Mais le plus important c’est tout de même que Pouhiou envisage de renoncer à sa thèse de narratologie, tétanisé tout à coup par la pratique de l’écriture de deux gamins doués : eh oui c’est aussi ça le nanowrimo, redécouvrir qu’écrire est un jeu !
J’irai écrire chez vous épisode 5 : re-Paris
Ben oui : retour à la capitale, à mi-chemin de l’aventure. Pas par jacobinisme, mais parce que Paris est au centre des routes. Et qu’on y découvre de merveilleuses personnes.
Chez Adrienne
J’avais rencontré Adrienne sur Toulouse. Sur une conférence « culture libre » à la médiathèque. Lors de mon premier Capitole du Libre l’année dernière. D’ailleurs, cet évènement libriste toulousain aura lieu les 23 et 24 novembre prochains, j’y serai et j’en serai… si vous voulez qu’on s’y retrouve…

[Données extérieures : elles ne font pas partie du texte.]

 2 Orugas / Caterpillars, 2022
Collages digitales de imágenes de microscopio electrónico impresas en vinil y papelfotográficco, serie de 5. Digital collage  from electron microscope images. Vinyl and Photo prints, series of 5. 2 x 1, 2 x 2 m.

Sous un premier abord courtois et modéré, on sent vite que cette illustre wikipédienne a un caractère passionné et un humour pétillant. Néanmoins, si on s’était croisés et appréciés, on n’avait pas vraiment eu le temps de beaucoup échanger. Du coup, quand elle a proposé de m’héberger dans ce romanesque tour de France, je me suis dit que l’occasion était trop belle de découvrir et la personne et son univers.

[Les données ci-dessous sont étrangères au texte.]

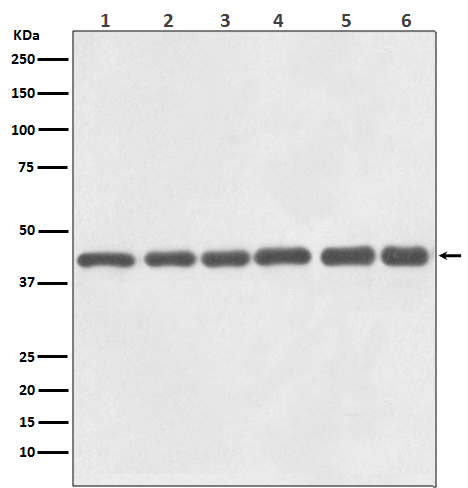 beta Actin Antibody(HRP Conjugated)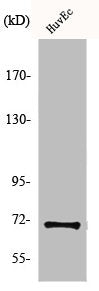 Western Blot analysis of HuvEc cells using Menin Polyclonal Antibody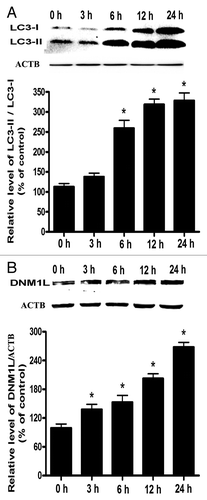 Figure 7. Time-course analysis for the expression of LC3 and DNM1L in Cd-treated L02 cells. (A) A representative immunoblot and quantification analysis of the LC3 protein levels (17 kDa) in L02 cells. (B) A representative immunoblot and quantification analysis of DNM1L protein levels (84 kDa). ACTB (42 kDa) was the internal standard for protein loading. The cells were treated with 12 µM CdCl2 for various periods of time (0, 3, 6, 12, or 24 h). The data are representative of 4 independent experiments. The results are expressed as a percentage of control, which was set at 100%. The values are means ± SEM; *P < 0.05 vs. the control group.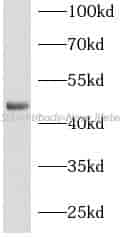 MSI1 antibody - Click Image to Close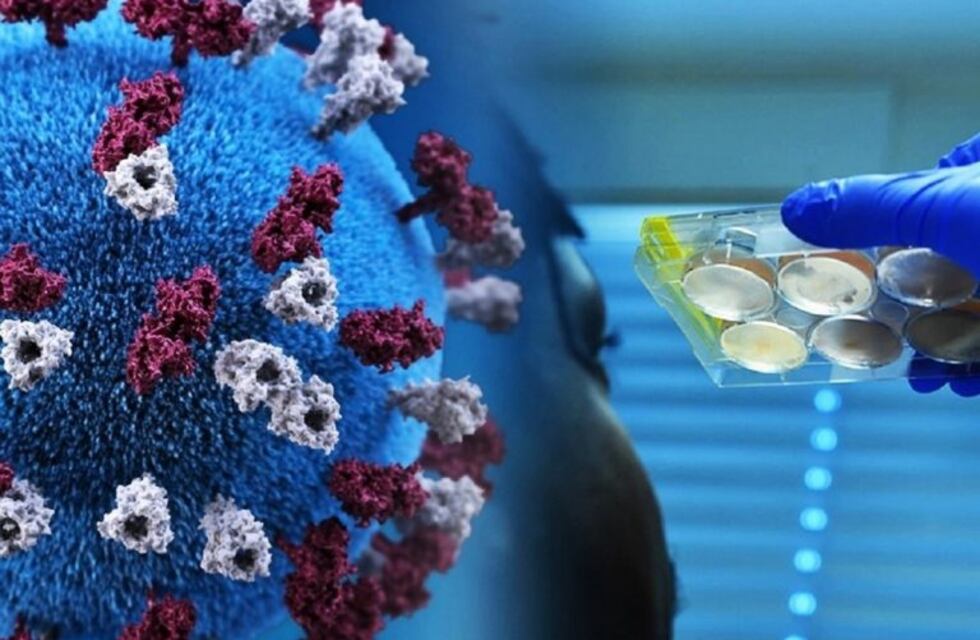 Mendoza sumó 8 casos positivos de coronavirus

Des discussions généreuses
Mes aïeux, quelle découverte ! Des soirées de papotages jusqu’à trois heures du matin, où tous les sujets se rencontrent, se répondent. Je ne connais pas, ou mal, le milieu libriste. Adrienne, avec ses nombreuses activités au sein de Wikimédia France, a rencontré tout ce joli monde et m’en a fait visiter une partie, telle une guide bienveillante. On a parlé histoire, littérature, anecdotes familiales, société, éducation, mentalités… J’ai découvert le projet Afripédia qui vise avec pertinence et respect à entrainer le continent africain (et ses cultures) dans cette aventure du savoir encyclopédique partagé… Quand on voit les résultats humains de projets nés du numérique, on ne peut plus dire que « le net, c’est pas de l’IRL, de la vraie vie ». Un peu à l’image de ces partages qui jalonnent mon voyage d’écriture : vrais, intenses, des moments où on est juste contents d’être humains.
Les petits monstres d’Adrienne
Des personnes au caractère vif, épanoui. Deux êtres mus par une vraie soif de découvrir l’autre en échangeant avec lui. C’est très agréable de voir des enfants qui n’essaient pas jouer à faire l’enfant, ou alors avec un second degré bien dosé. Le deuxième soir, j’ai eu droit à un joli cadeau : ils m’ont lu leurs histoires. Le récit fantastique qu’ils écrivent. Ils maîtrisent si bien les codes harrypotteriens (jeune héros découvre son pouvoir / va dans une école / découvre un univers magique et ses castes) qu’ils en jouent avec une aisance folle. Magie élémentaliste, portes dimensionnelles, architecture, moyens de transports, uniformes : tout est pensé, tout fait sens dans une belle unité.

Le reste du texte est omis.